Muchas veces me he preguntado por qué algunas veces sentimos plena confianza con una persona desconocida. Hace varios años, escuché a Don José Ruiz hablar acerca de los juicios y las máscaras que nos ponemos y ponemos a otros, no pude evitar pensar que ahí está la explicación de esa inesperada confianza: la ausencia de juicios y máscaras. Pasamos el día juzgando: el clima, el tránsito, el trato de los demás… Todo. De acuerdo con nuestros juicios etiquetamos lo que sucede en bueno, malo, desagradable o agradable, según sea el caso. Muchas veces, ni siquiera nos damos la oportunidad de conocer a alguien o algo. Lo juzgamos basados en las experiencias de los demás.
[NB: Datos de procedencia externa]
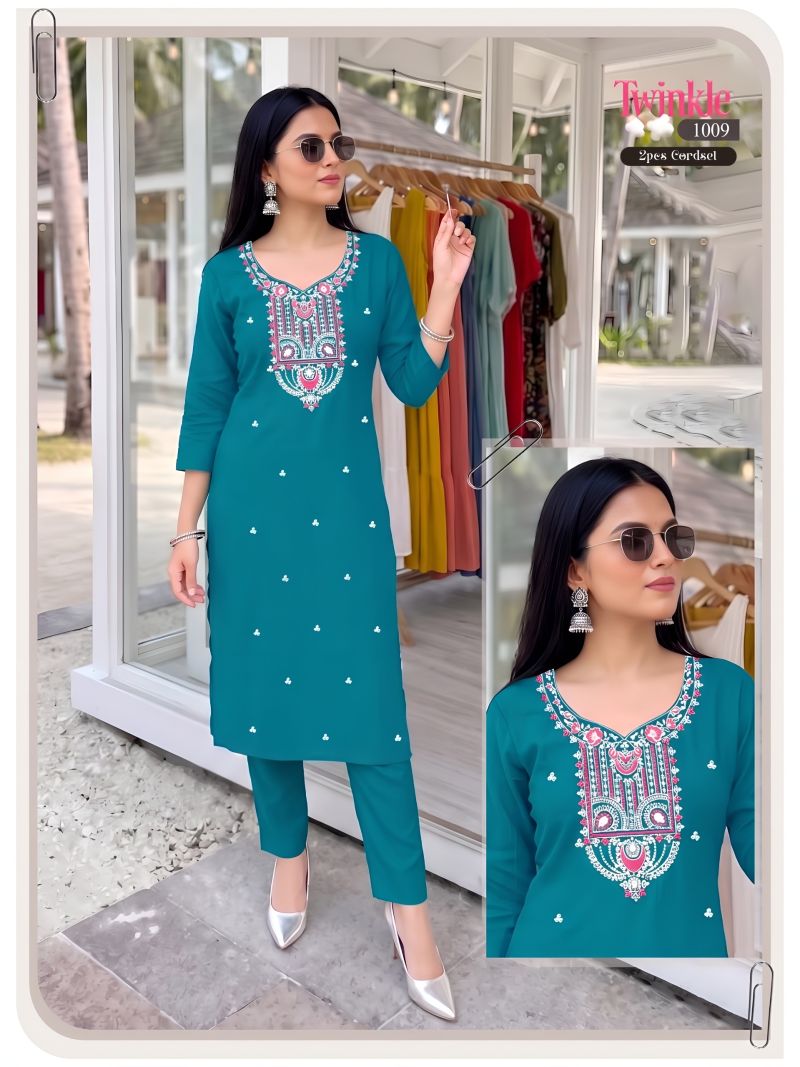 Twinkle Vol 2 Vertican Plain Embroidered Kurti With Bottom Collection — Wholesale Kurtis, Vardan Ethnic wholesale from Surat — Photo 9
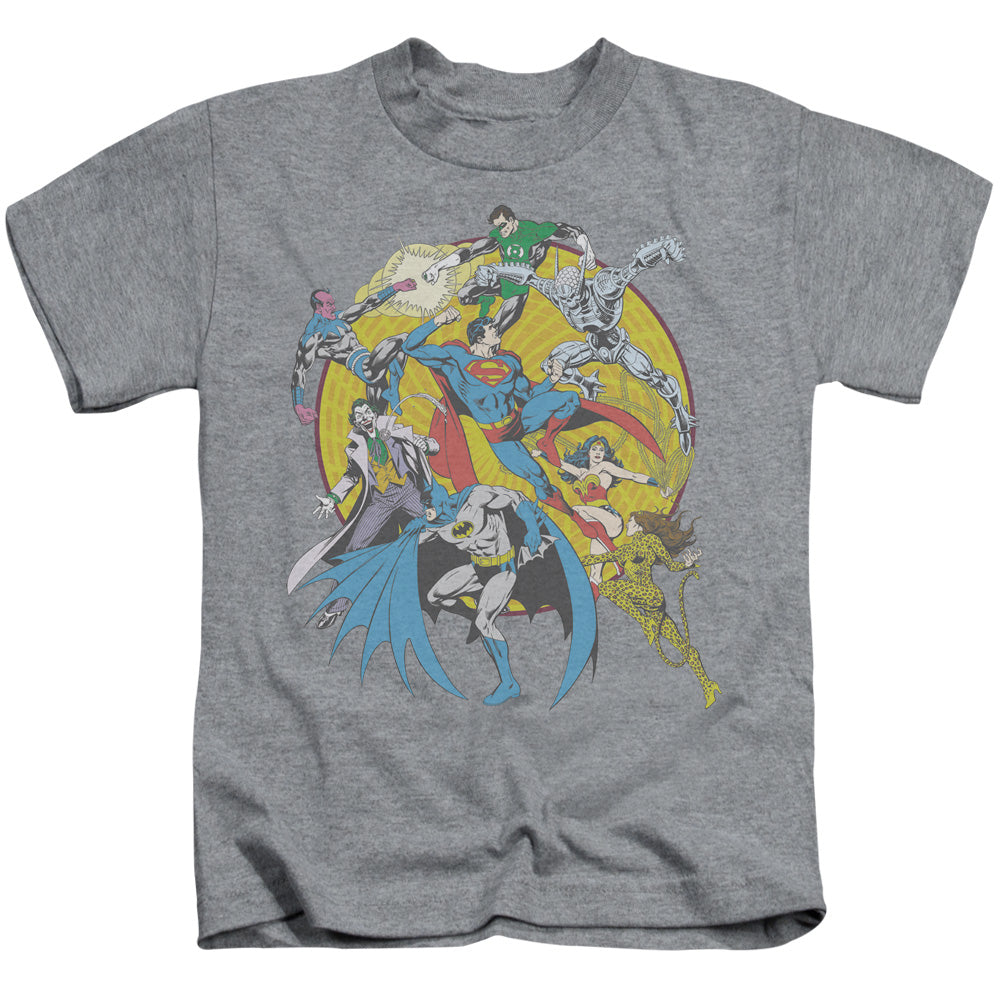DC Comics Spin Circle Fight Juvenile Kids Youth T Shirt Athletic Heather Officially Licensed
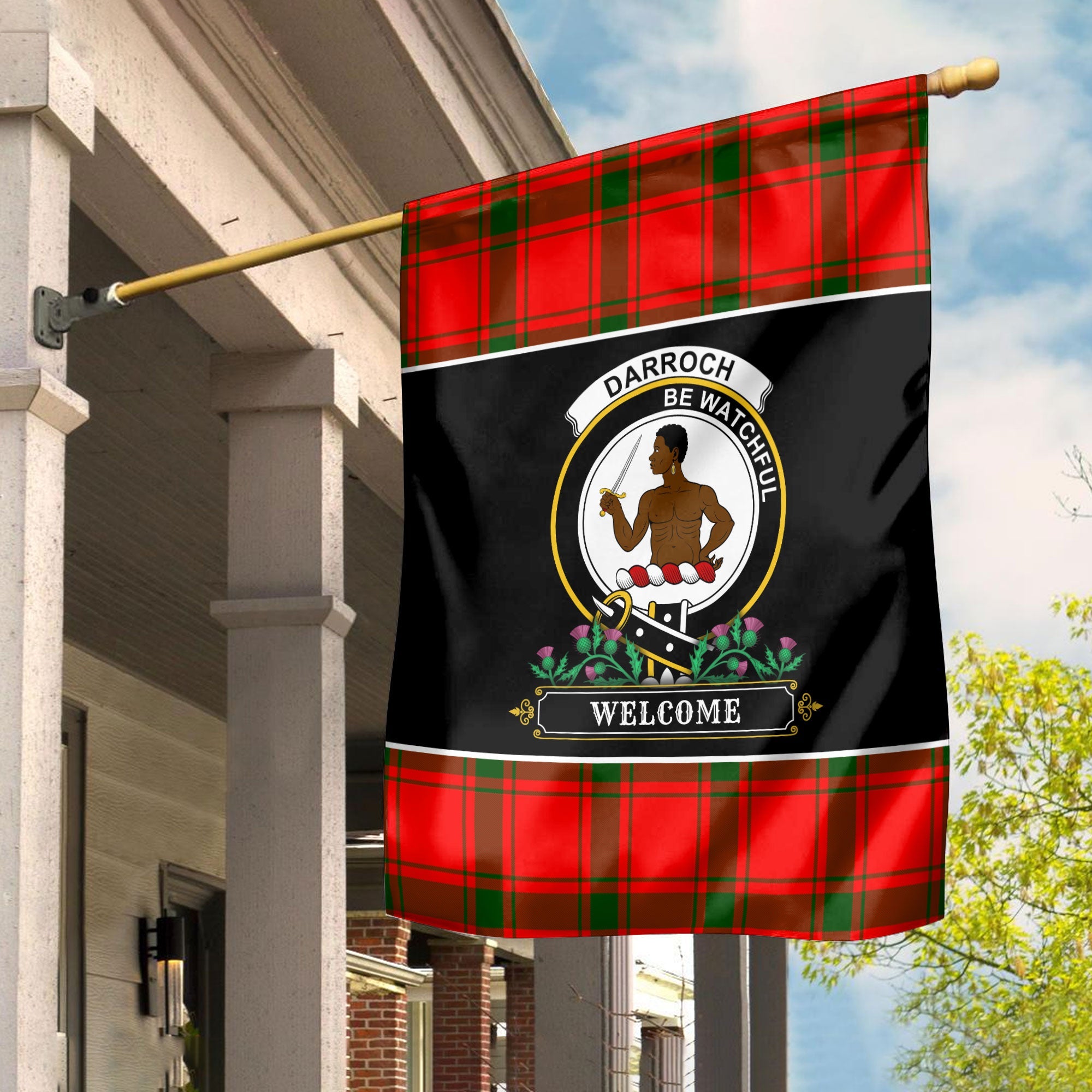 Clan Darroch (Gourock) Tartan Crest Garden Flag  - Welcome  NX42 Clan Darroch Tartan Today   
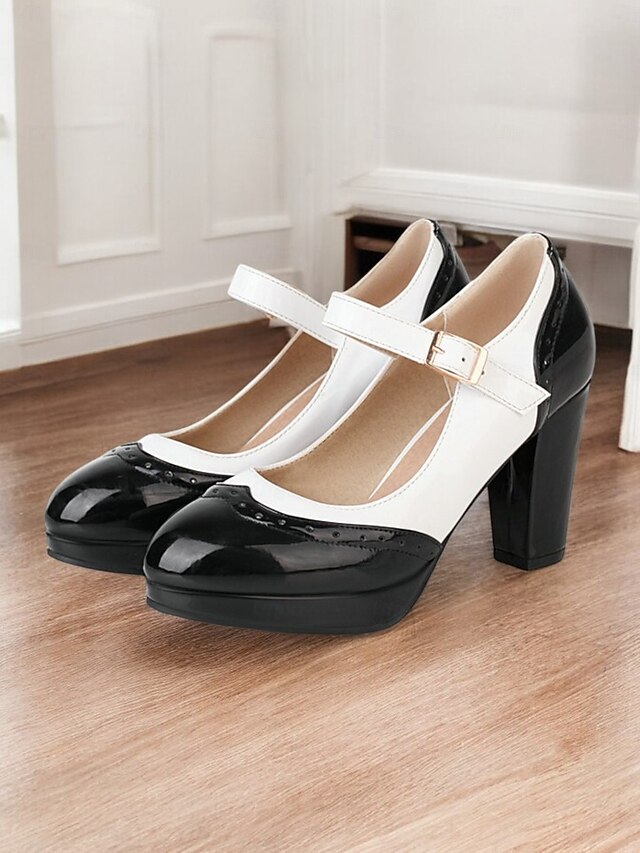 Women's Red and White Mary Jane Heels with Buckle Strap and Block Heels – Vintage-Inspired Dress Shoes for Formal and Party Events 13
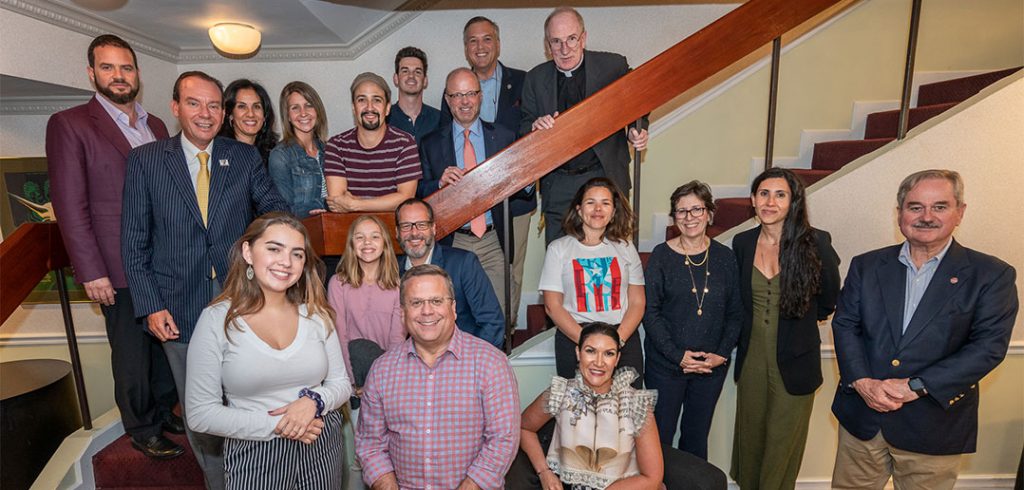 Fordham alumni, staff, and friends after seeing Hamilton in Puerto Rico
Esto puede estar muy bien para ciertas recomendaciones, pero en la mayoría de los casos, si nos damos la oportunidad de conocer a alguien, de ver esa película o leer el libro que dijeron que no valía la pena, visitar el lugar que no le gustó a otra persona, nos damos cuenta que —afortunadamente— nuestra opinión es muy diferente de la de otros.
Cuando conocemos a alguien, no podemos hacer muchos juicios ni etiquetarla ya que no tenemos elementos, y es entonces que podemos verla tal y como es. Ellos, a su vez, nos ven de la misma manera. No saben si siempre te han etiquetado como: “la floja”, “el egoísta” o “el impuntual”. Eres la persona con la que están hablando en ese momento, nada más. No sabes si vas a volver a ver a esa persona o no. En muchas ocasiones esos encuentros no volverán a repetirse. Por ello, puedes darte el lujo de decir lo que piensas sin tapujos y de ser como verdaderamente eres. Escuchas sus palabras libres de juicios, etiquetas y máscaras. Por eso te parecen tan sabias.
Es triste darnos cuenta de que vemos a quienes nos rodean —que son quienes más queremos— bajo estas máscaras no muy amorosas que nosotros mismos les pusimos. Bajo la máscara de “trabajólico”, “superficial”, “tranquilo” (o lo que ustedes quieran), vemos a nuestros amigos y familiares. Por supuesto que esto no puede ayudar a las relaciones. Si estás escuchando a tu marido que va a llegar tarde del trabajo —como en el caso de Claudia— con la etiqueta de: “a-este-egoísta-no-le-importa-otra-cosa-más-que-su-trabajo”, lejos de ser solidarios y ofrecernos a hacerle un sándwich para la cena y escuchar sus problemas, el hombre trabajador va a encontrar a una esposa enojada y lista para reclamarle su ausencia o, bien, a una persona indiferente que duerme plácidamente ajena a sus problemas.
No es tarea fácil quitarnos la costumbre de etiquetar y etiquetarnos, claro que no, pero sí es posible hacer un esfuerzo y tratar de ver a otros y a nosotros mismos sin juicios, y prestar atención a las sabias palabras de aquellos que, por no conocernos, pueden hacerlo.